U.S. and Saudi officials are denouncing suicide bombings at three housing complexes in Riyadh that housed many Westerners. Saudi officials say at least 29 people are dead – including 7 Americans and 9 suspected bombers. Hundreds of others were wounded in the simultaneous explosions, which U.S. officials suspect may have been the work of the al-Qaida terror network. Robert Raffaele has the latest.
The Saudi Interior Ministry says the attackers shot their way into the three, gated housing complexes, before blowing up several cars packed with explosives. The blasts blew off the facades of several buildings, scattering burned out cars and pickup trucks across the complexes.
Inside one building, a stopped clock displayed 11:28 p.m. That’s around the time witnesses say loud explosions awoke them Monday night.

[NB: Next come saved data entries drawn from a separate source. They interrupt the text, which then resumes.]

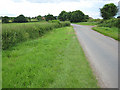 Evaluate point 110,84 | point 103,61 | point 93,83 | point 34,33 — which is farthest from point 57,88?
point 34,33

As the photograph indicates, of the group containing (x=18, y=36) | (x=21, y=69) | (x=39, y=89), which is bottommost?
(x=39, y=89)

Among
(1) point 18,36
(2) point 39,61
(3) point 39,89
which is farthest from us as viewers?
(1) point 18,36

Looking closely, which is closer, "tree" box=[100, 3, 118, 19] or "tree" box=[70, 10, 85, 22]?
"tree" box=[100, 3, 118, 19]

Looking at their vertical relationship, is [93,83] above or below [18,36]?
below

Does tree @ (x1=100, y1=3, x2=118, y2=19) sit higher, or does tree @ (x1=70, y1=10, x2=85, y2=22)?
tree @ (x1=70, y1=10, x2=85, y2=22)

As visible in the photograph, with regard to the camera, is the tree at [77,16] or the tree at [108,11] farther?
the tree at [77,16]

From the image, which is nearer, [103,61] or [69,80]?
[69,80]

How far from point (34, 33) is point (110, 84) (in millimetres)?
11045

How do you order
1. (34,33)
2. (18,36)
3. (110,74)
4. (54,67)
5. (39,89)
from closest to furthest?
(39,89)
(110,74)
(54,67)
(18,36)
(34,33)

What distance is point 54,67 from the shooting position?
439cm

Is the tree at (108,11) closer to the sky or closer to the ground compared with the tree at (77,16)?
closer to the ground

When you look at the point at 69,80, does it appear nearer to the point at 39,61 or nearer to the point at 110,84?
the point at 110,84

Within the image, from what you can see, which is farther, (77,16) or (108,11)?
(77,16)

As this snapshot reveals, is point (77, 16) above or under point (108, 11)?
above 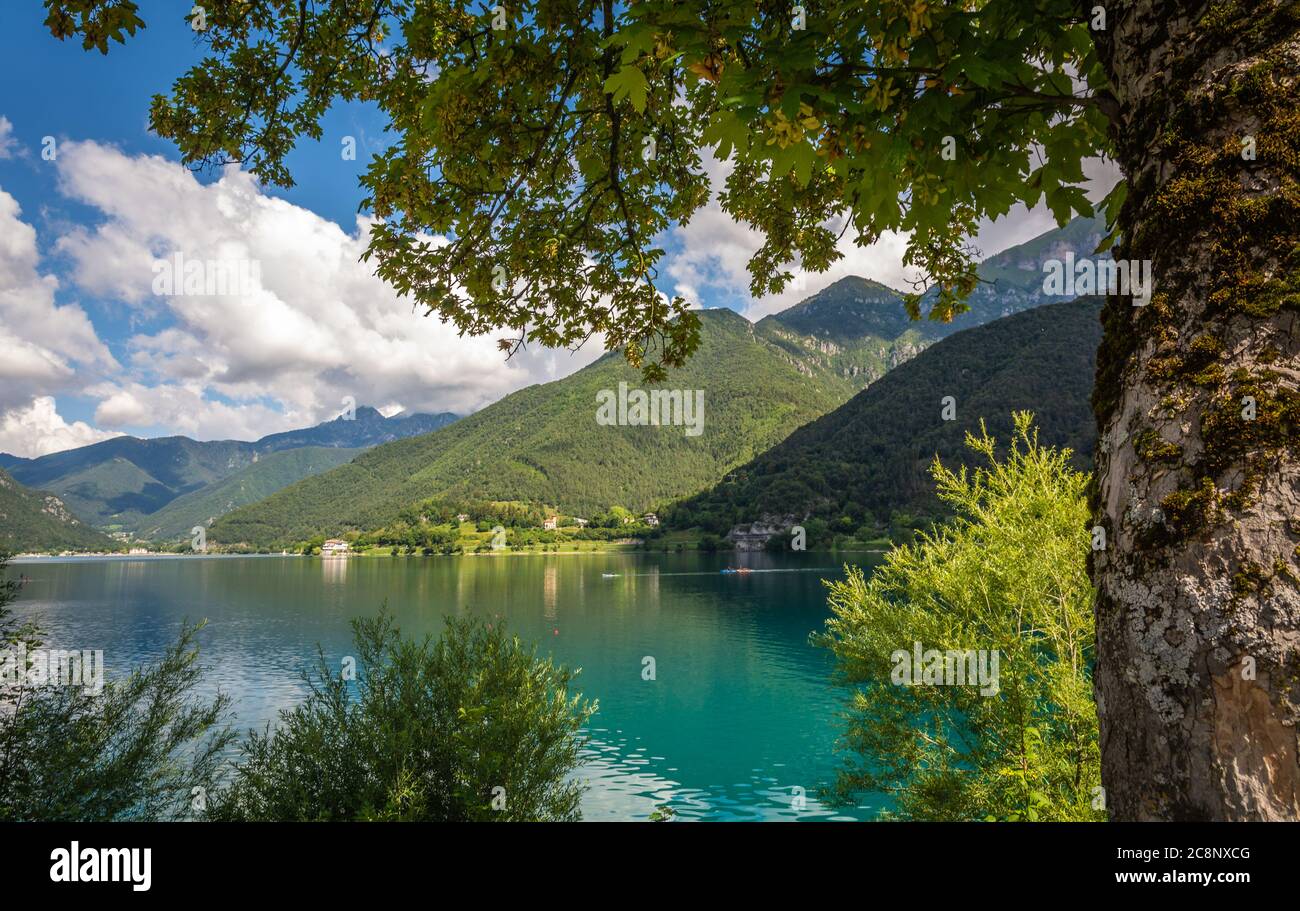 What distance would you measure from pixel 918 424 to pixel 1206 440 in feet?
470

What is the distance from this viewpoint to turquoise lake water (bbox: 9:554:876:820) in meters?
26.5

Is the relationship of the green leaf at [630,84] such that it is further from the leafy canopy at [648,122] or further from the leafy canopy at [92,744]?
the leafy canopy at [92,744]

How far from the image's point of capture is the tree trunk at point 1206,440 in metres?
1.46

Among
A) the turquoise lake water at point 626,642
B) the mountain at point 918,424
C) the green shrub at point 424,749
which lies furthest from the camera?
the mountain at point 918,424

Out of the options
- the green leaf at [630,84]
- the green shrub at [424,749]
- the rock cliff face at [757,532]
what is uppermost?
the green leaf at [630,84]

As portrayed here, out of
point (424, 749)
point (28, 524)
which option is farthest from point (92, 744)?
point (28, 524)

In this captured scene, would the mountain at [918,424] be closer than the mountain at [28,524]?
Yes

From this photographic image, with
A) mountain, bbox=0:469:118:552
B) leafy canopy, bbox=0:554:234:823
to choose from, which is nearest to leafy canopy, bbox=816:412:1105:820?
leafy canopy, bbox=0:554:234:823

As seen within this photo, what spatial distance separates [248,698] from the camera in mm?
35562

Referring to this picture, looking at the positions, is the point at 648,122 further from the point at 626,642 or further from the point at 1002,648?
the point at 626,642

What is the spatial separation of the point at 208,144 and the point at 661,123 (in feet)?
12.4

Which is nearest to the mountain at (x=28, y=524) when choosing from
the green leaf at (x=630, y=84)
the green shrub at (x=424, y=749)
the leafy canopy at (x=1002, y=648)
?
the green shrub at (x=424, y=749)

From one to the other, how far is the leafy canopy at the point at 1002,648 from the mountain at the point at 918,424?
275 ft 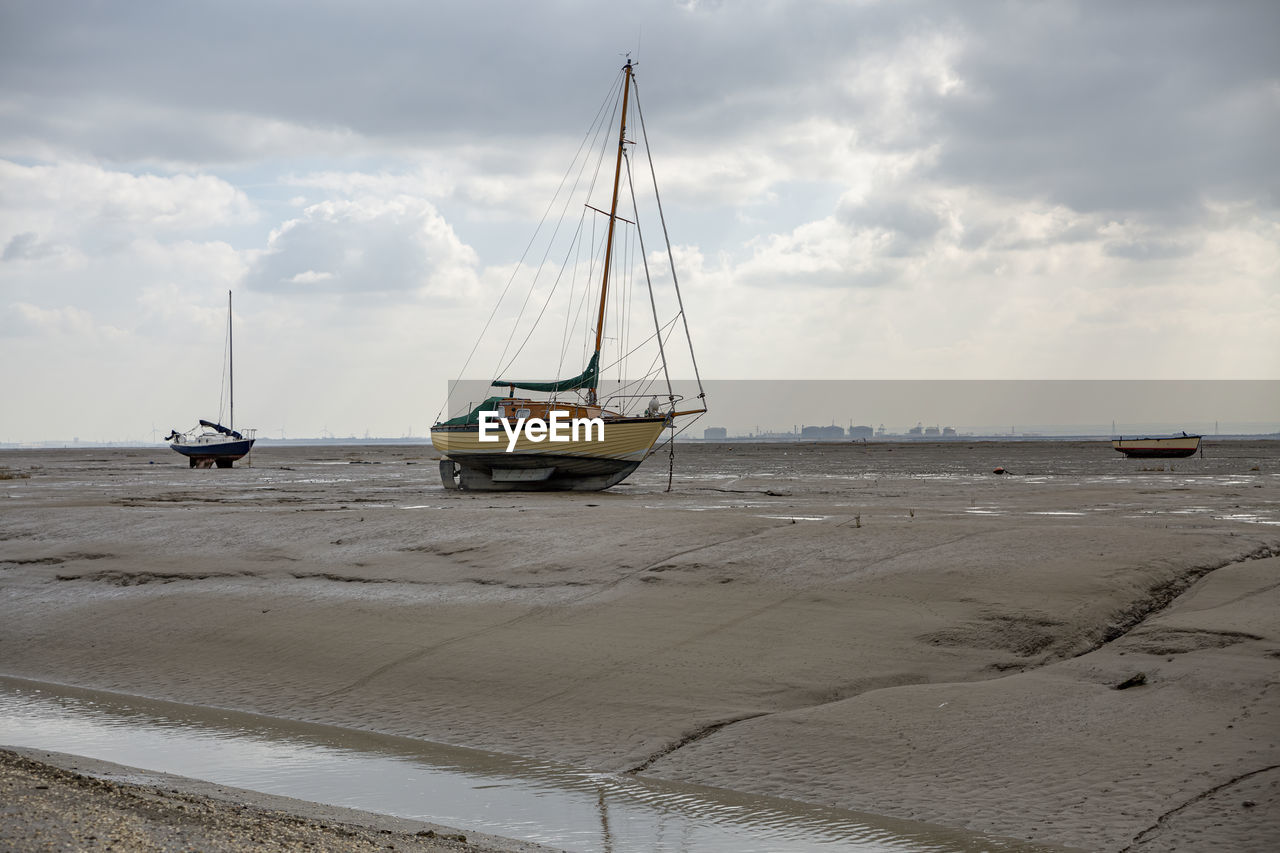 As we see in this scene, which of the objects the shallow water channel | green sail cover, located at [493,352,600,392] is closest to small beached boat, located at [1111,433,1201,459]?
green sail cover, located at [493,352,600,392]

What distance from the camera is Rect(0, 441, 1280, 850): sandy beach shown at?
20.5ft

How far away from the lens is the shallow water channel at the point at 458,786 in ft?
18.4

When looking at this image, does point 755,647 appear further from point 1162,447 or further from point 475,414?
point 1162,447

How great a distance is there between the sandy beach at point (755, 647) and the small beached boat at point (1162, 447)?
211 ft

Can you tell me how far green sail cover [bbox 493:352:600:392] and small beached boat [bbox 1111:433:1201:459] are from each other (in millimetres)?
54913

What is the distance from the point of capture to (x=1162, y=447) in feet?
246

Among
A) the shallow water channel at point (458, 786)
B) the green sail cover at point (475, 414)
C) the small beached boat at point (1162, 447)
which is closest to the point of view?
the shallow water channel at point (458, 786)

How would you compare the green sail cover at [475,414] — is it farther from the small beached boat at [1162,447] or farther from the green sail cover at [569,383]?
the small beached boat at [1162,447]

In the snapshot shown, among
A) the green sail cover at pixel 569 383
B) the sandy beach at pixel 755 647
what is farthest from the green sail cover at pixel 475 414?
the sandy beach at pixel 755 647

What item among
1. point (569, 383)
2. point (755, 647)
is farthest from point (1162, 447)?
point (755, 647)

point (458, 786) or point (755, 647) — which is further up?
point (755, 647)

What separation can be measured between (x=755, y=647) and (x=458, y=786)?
10.7 ft

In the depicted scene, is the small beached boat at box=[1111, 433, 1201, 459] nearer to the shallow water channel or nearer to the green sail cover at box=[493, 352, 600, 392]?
the green sail cover at box=[493, 352, 600, 392]

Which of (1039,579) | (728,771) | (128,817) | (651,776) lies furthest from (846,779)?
(1039,579) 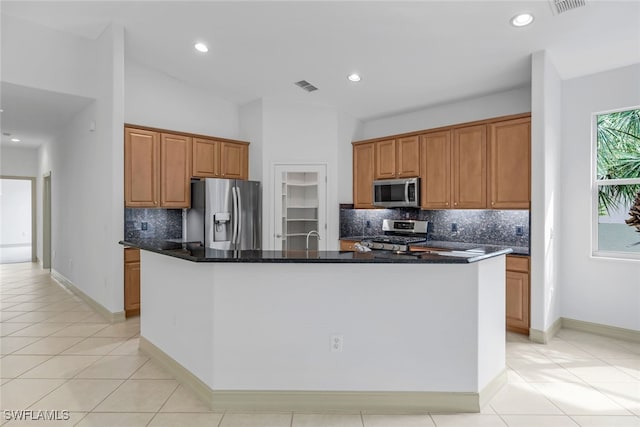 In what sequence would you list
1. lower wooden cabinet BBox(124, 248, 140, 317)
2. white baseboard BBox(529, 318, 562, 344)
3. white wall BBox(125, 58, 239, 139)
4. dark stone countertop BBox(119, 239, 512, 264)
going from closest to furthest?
dark stone countertop BBox(119, 239, 512, 264)
white baseboard BBox(529, 318, 562, 344)
lower wooden cabinet BBox(124, 248, 140, 317)
white wall BBox(125, 58, 239, 139)

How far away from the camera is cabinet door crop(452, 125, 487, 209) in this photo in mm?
4363

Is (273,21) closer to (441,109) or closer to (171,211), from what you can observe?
(441,109)

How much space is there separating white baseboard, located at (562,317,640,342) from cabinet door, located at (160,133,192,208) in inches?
199

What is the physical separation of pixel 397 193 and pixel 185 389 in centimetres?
364

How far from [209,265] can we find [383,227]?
3.70 metres

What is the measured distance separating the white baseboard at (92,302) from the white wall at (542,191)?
181 inches

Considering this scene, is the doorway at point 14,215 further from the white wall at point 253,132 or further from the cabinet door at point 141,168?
the white wall at point 253,132

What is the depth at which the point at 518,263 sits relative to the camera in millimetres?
3885

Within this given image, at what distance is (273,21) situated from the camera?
372cm

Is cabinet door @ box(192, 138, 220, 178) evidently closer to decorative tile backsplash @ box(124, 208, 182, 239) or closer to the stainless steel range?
decorative tile backsplash @ box(124, 208, 182, 239)

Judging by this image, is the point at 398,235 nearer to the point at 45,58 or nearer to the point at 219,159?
the point at 219,159

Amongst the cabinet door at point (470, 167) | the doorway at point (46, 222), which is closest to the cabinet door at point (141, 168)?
the cabinet door at point (470, 167)

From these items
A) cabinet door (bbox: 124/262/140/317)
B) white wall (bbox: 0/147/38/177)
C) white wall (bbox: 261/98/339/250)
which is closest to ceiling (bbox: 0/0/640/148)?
white wall (bbox: 261/98/339/250)

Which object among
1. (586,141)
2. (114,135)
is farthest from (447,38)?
(114,135) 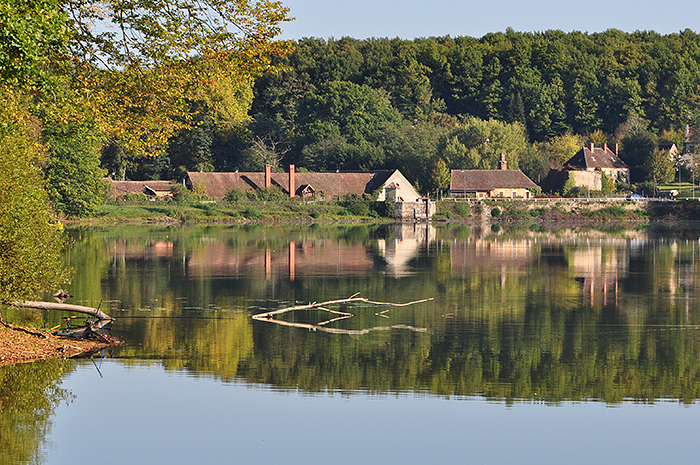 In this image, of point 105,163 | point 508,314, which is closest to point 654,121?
point 105,163

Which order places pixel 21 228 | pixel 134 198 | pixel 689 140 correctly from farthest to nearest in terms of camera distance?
pixel 689 140 < pixel 134 198 < pixel 21 228

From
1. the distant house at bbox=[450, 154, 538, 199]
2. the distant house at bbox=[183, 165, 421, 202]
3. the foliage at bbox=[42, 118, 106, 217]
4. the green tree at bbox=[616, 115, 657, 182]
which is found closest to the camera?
the foliage at bbox=[42, 118, 106, 217]

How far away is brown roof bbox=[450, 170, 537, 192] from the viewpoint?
295 ft

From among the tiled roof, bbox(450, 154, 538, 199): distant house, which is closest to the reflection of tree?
bbox(450, 154, 538, 199): distant house

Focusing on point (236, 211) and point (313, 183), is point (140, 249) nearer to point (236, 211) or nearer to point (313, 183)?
point (236, 211)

Tuesday, U.S. Secretary of State Colin Powell toured the scene, while on a scheduled visit to promote the U.S.-backed ‘road map’ for Middle East peace. Mister Powell said the attack was well-planned, and showed what he called the ‘fingerprints’ of an al-Qaida operation.
COLIN POWELL, U.S. SECRETARY OF STATE
“Understand that what you see here today, and the damage you see here today will not deter the United States, and I’m sure will not deter Saudi Arabia in our mutual effort to go after this kind of terrorism, and roll it up, go after their finances, go after their information systems, their intelligence systems, make sure we take full advantage of our law enforcement assets, both in the United States, Saudi Arabia, and around the world.”
During a speech in the Midwestern U.S. city of Indianapolis, President George W. Bush offered his condolences to the victims’ relatives, and echoed Mister Powell’s pledge to hunt down terrorists.
GEORGE W. BUSH, U.S. PRESIDENT
“These despicable acts were committed by killers whose only faith is hate, and the United States will find the killers, and they will learn the meaning of American justice.”
Saudi police seized hundreds of kilograms of explosives near one of the compounds last week. Earlier this month, the State Department warned Americans against traveling to Saudi Arabia, citing increased concerns about terrorism. Tuesday, Britain issued a similar warning to its citizens.
JUNE 26, 1996
This is the latest attack on U.S. targets in the Saudi kingdom since the 1991 Gulf War. Islamic militants are suspected in two previous explosions, including the 1996 bombing of a fuel truck outside a U.S. military housing complex outside of Dhahran. 19 American soldiers were killed. 400 others were wounded.